Maxine Kelley Martin of Mabank spent much of her life away from Oklahoma, but always considered Tulsa to be her home town.
She was born Aug. 20, 1924, in Kansas City, Mo., but moved to Tulsa as an infant and graduated from Tulsa Central High School.
At age 19, she graduated from the University of Tulsa in 1943, where she later taught business administration.
She also taught at the University of Arkansas after her marriage to Richard L. Dick Martin in 1948.
The couple celebrated their 62nd anniversary Aug. 7 in Steamboat Springs, Colo., where they enjoyed spending their summers.

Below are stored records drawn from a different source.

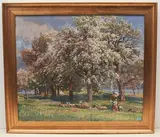 Frühlingslandschaft an einem Oberitalienischen See by Franz Theodor Aerni, gouache, offered Dec 2021
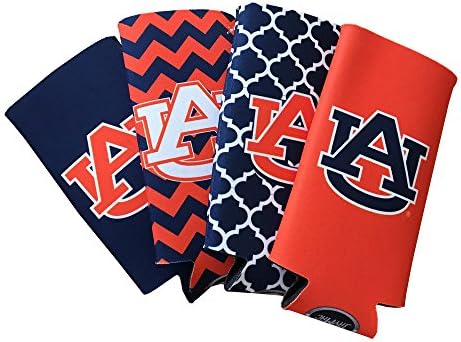 Auburn Tigers AU 4-Pack Multi Color Sublimated Neoprene Slim Beverage Energy Insulated Can Hugger Cooler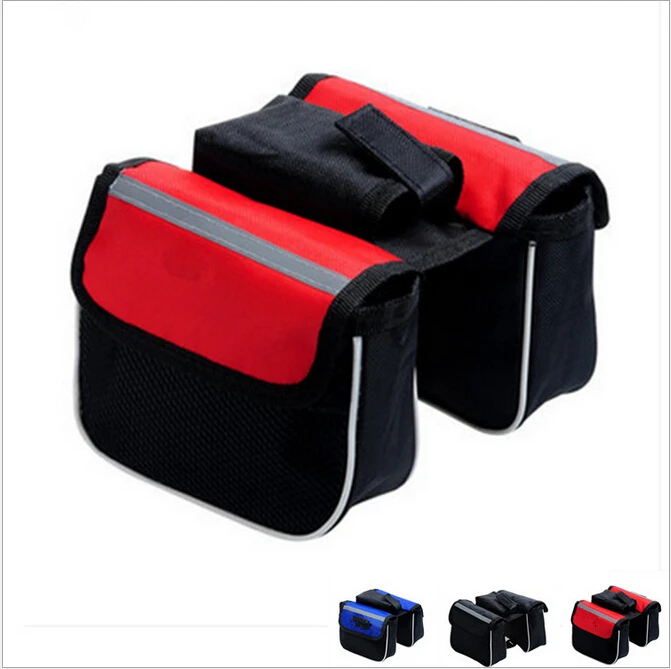

Double Side bike Bicycle bags bike cycling bag front frame tube bag Bicycle packet bicycle accessories foldable bag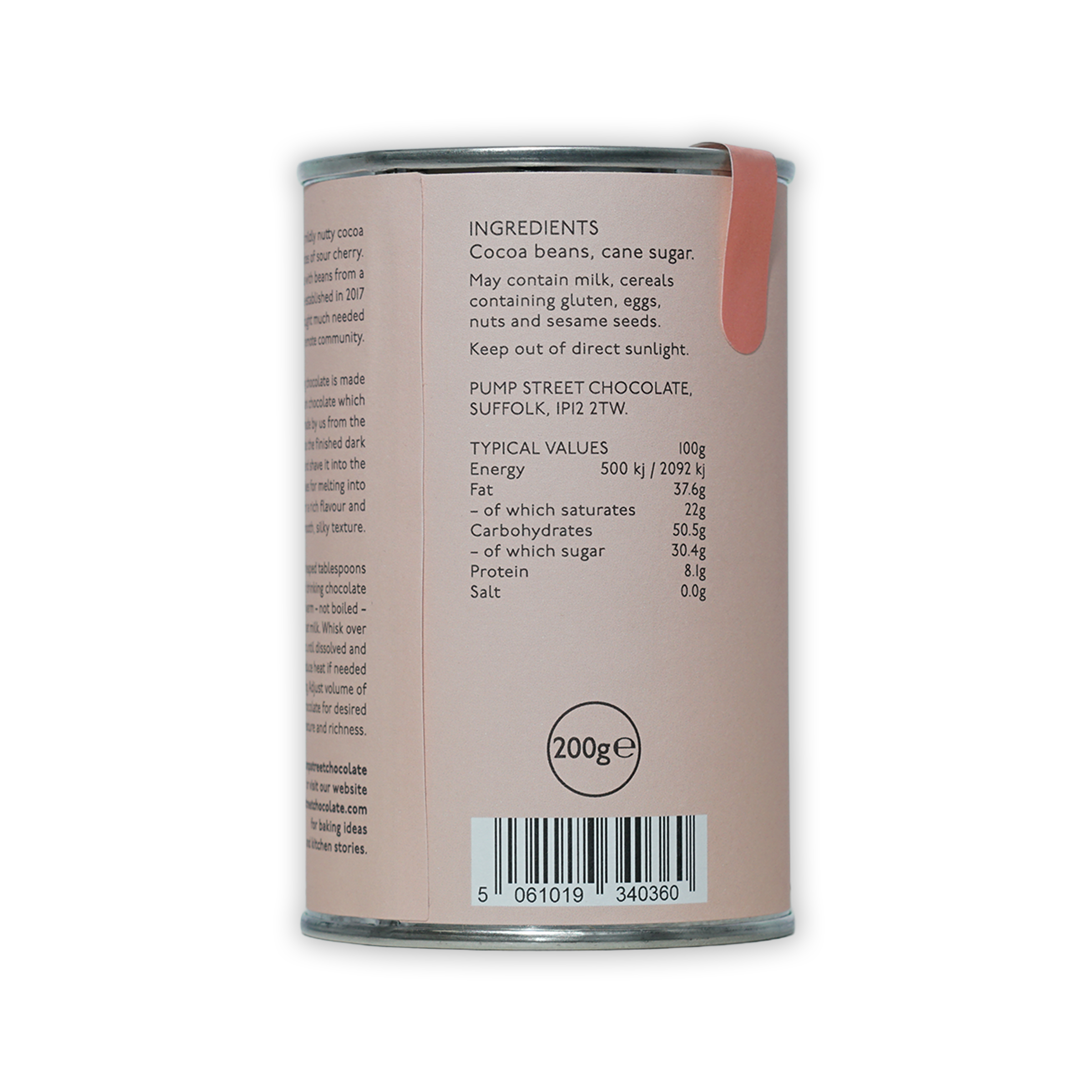 Matte pink Pump Street West Papua 70% Drinking Chocolate can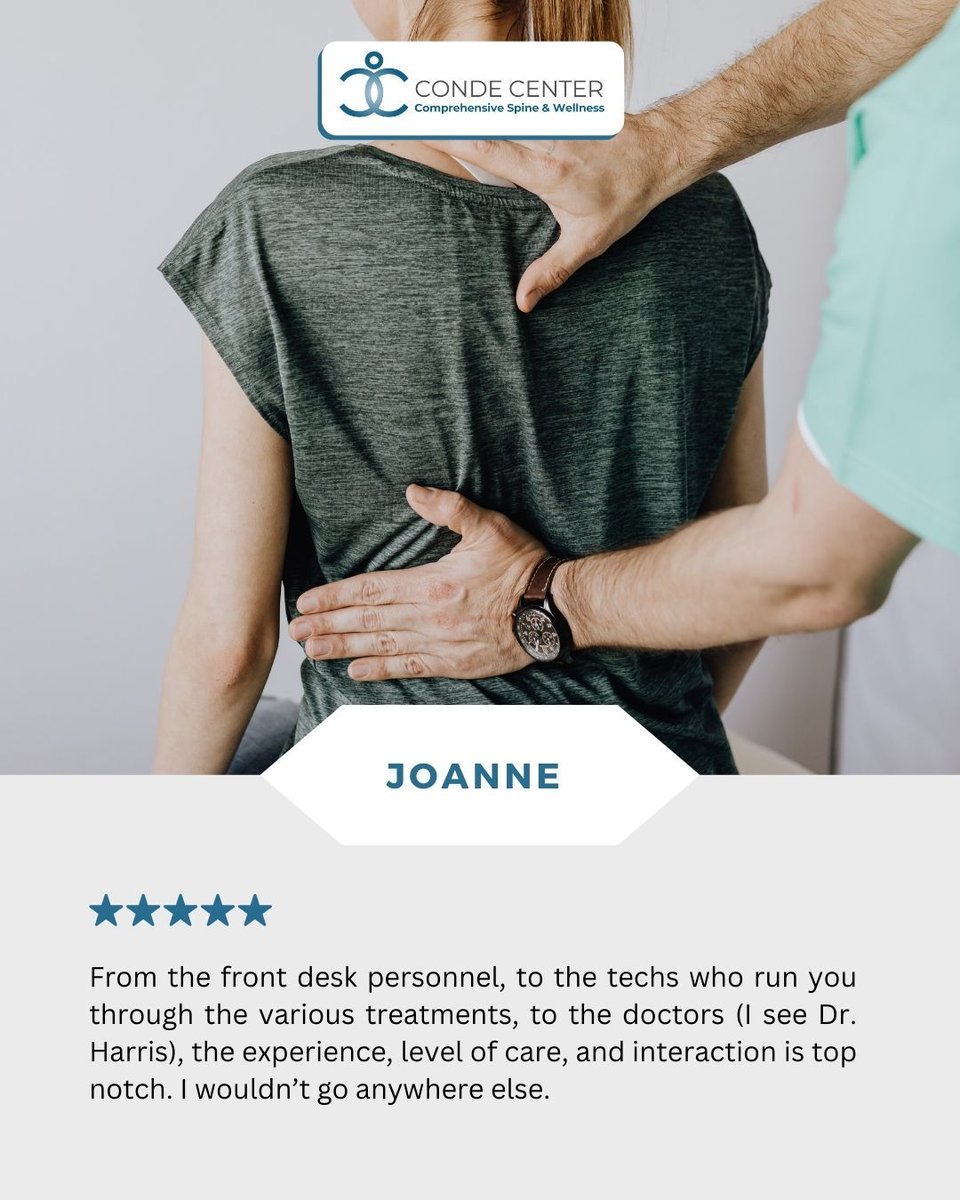 thecondecenter's tweet image. Patient Testimonial 💬

At Conde Center, every member of our team is dedicated to making your experience welcoming, professional, and focused on your health. Your trust is our greatest reward.

#CondeCenter #PatientTestimonial #YourHealthOurMission #WellnessJourney #Chiropractic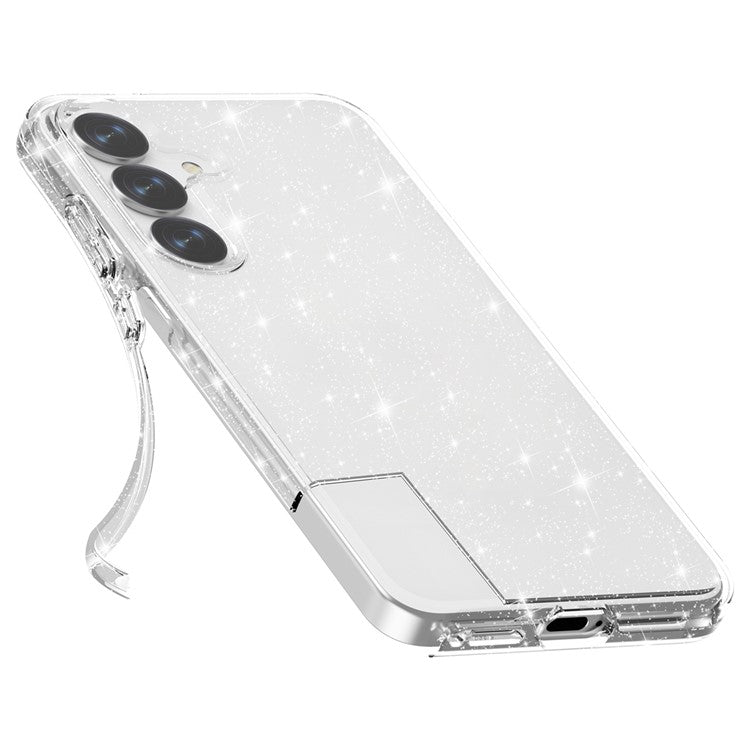 For Samsung Galaxy S25+ Case Anti-Scratch PC+TPU Sparkly Glitter Phone Cover - White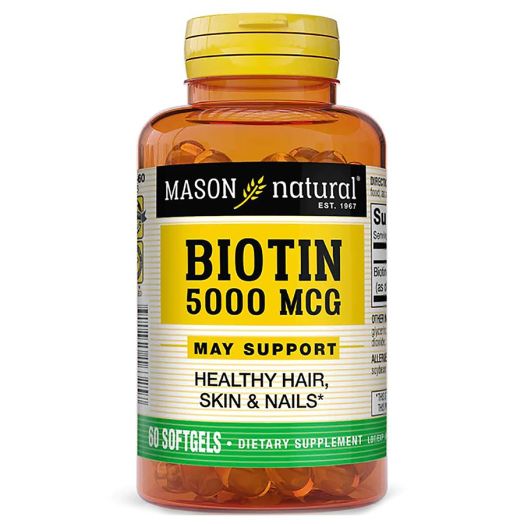 Mason Natural Biotin 5000 mcg Softgels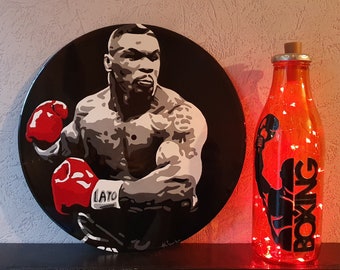 Lampe Vinyle recyclé adaptable en horloge et bouteille lumineuse a guirlande LED - Mike Tyson et Muhammed Ali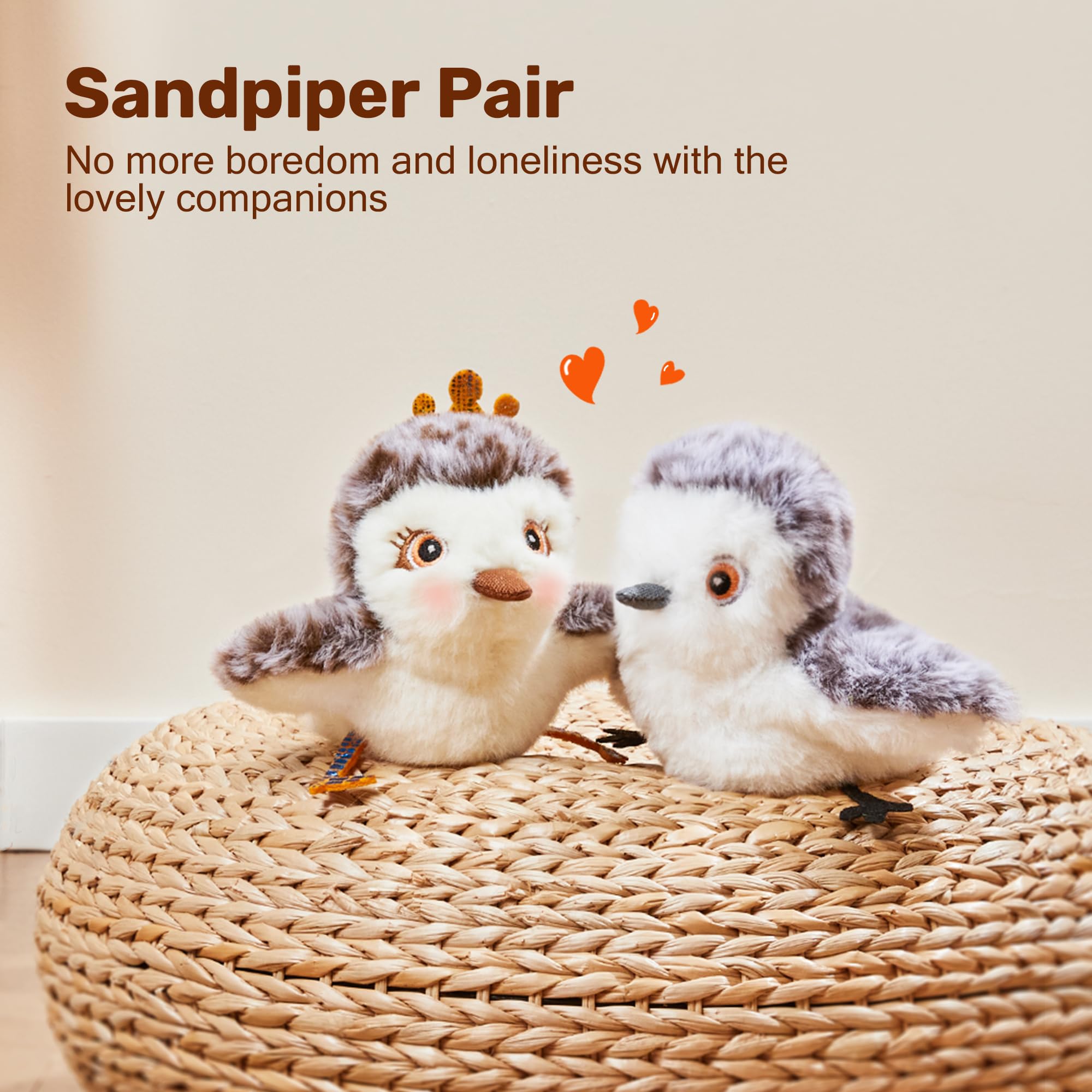 Jouets de chat enflammés Sandpiper paire-Mate oiseaux ressemblant Chirp
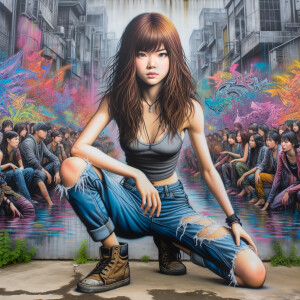 teenage girl, long brown hair and bangs, wearing tight skinny jeans and a halter top paint marks on her clothing, heroic pose Asian graffiti background, nearing on one knee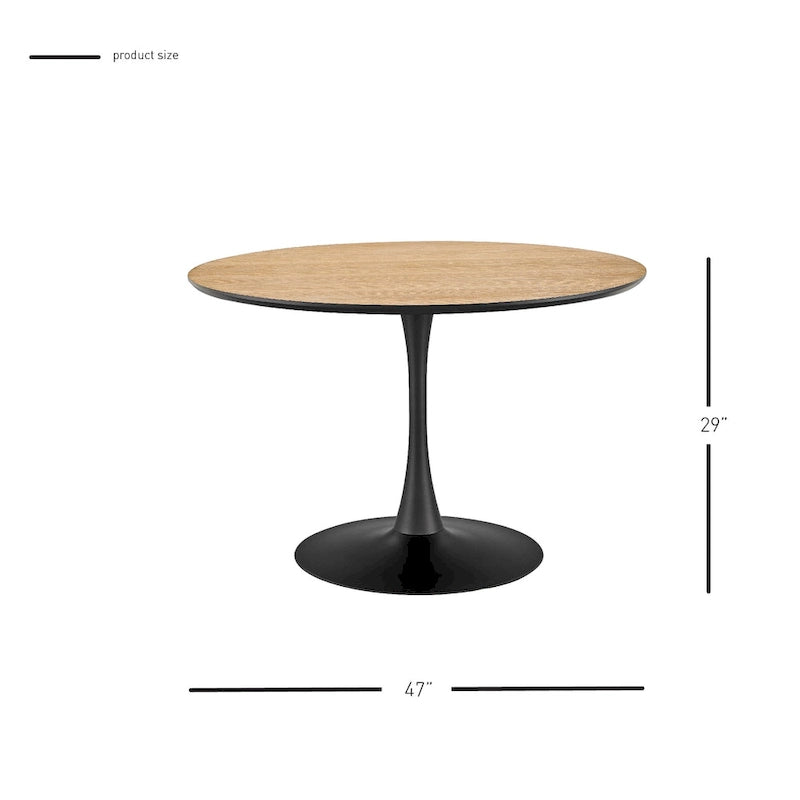 Table à manger ronde style milieu de siècle – Plateau en marbre céramique ou en placage de chêne avec pied central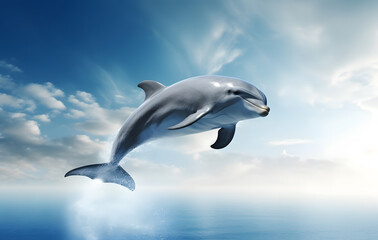 Cute dolphin jumping out of the sea water.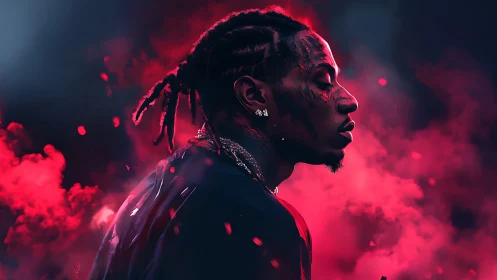 Side-lit portrait in red atmospheric haze with high contrast rim light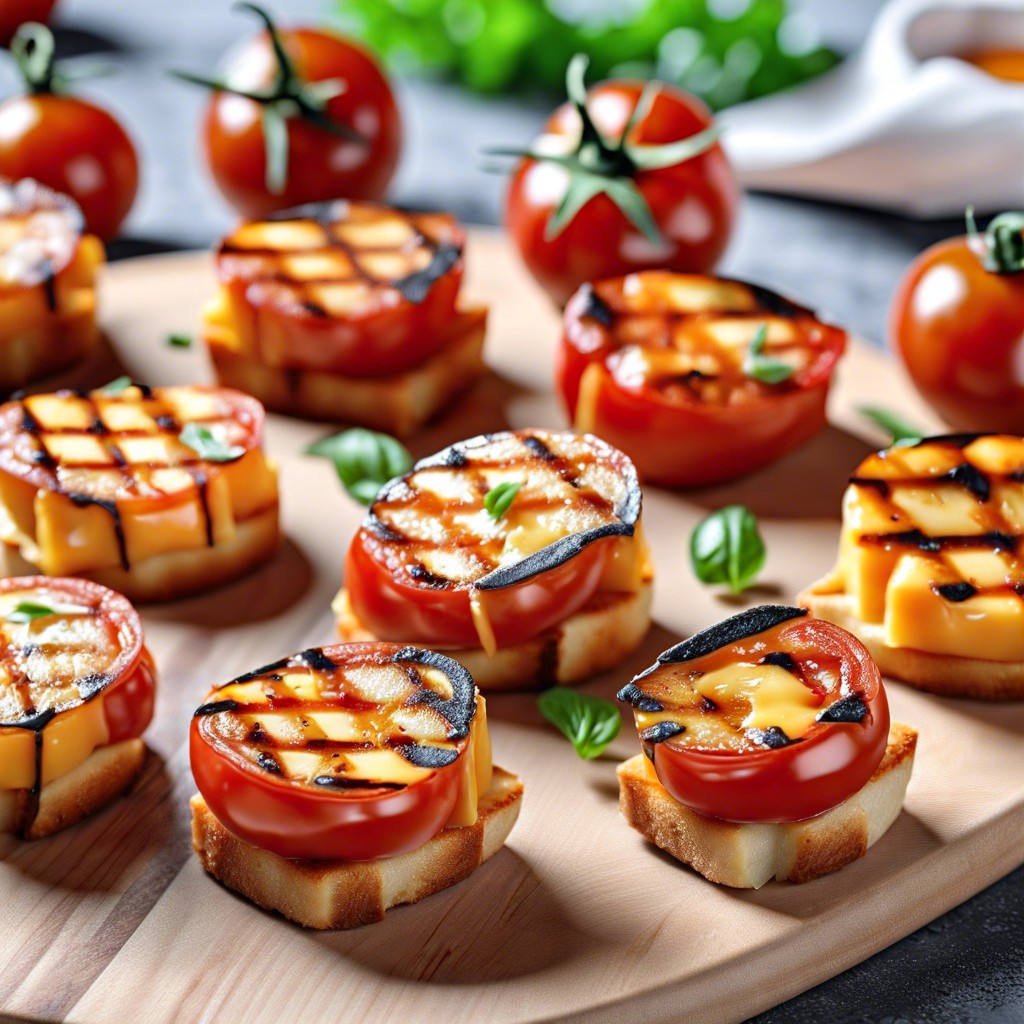 grilled tomato and cheese bites
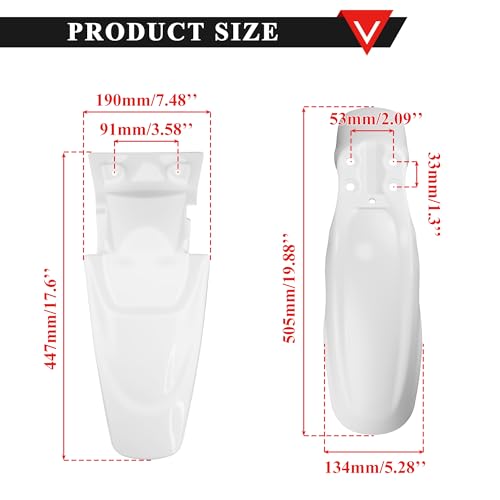 PRO BAT Plastic Fender Fairing Body Work Kit - color: White Plastic Fender Kit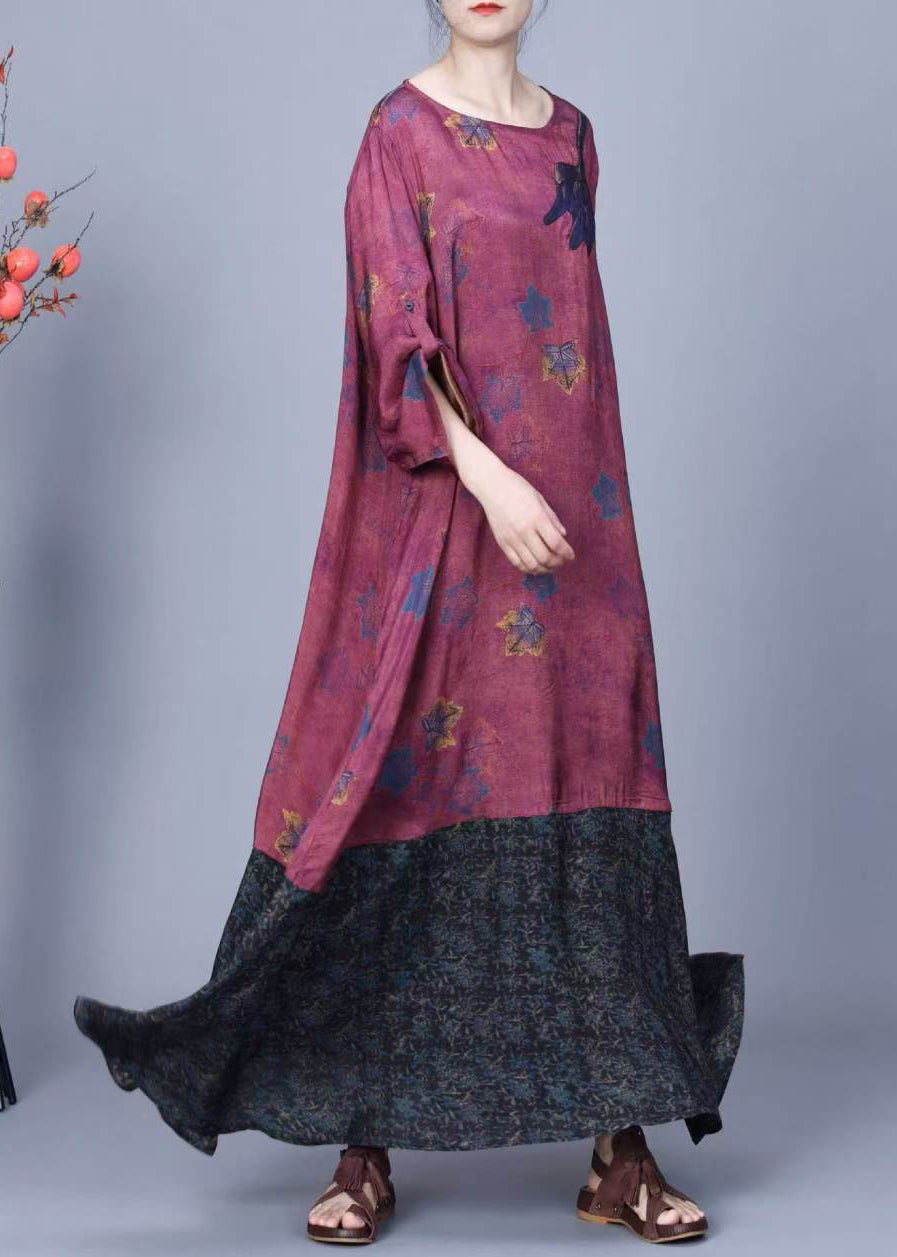 Purple Print Pockets Patchwork Silk Long Dresses Spring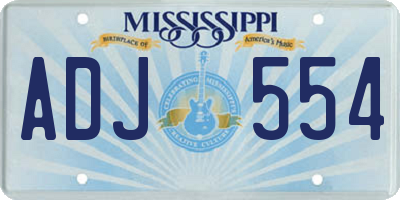 MS license plate ADJ554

They maintained a membership at Southern Hills Country Club as they rotated between their main residence on Cedar Creek Lake, their beloved townhouse in Colorado and a family home in Tulsa.
Martin is survived by her husband, her three children, Richard K. Martin of Dallas, Janelle Martin Madeley of College Station, and Daniel C. Martin of Tulsa; a step-daughter, Diane Poff of Roanoke, Va., 13 grandchildren, and five great-grandchildren. She was preceded in death by one grandson.
She will be remembered as a devoted wife, loving mother, and adoring grandmother. All those who knew her will have fond memories of her quick-wit, strong opinions and zest for life.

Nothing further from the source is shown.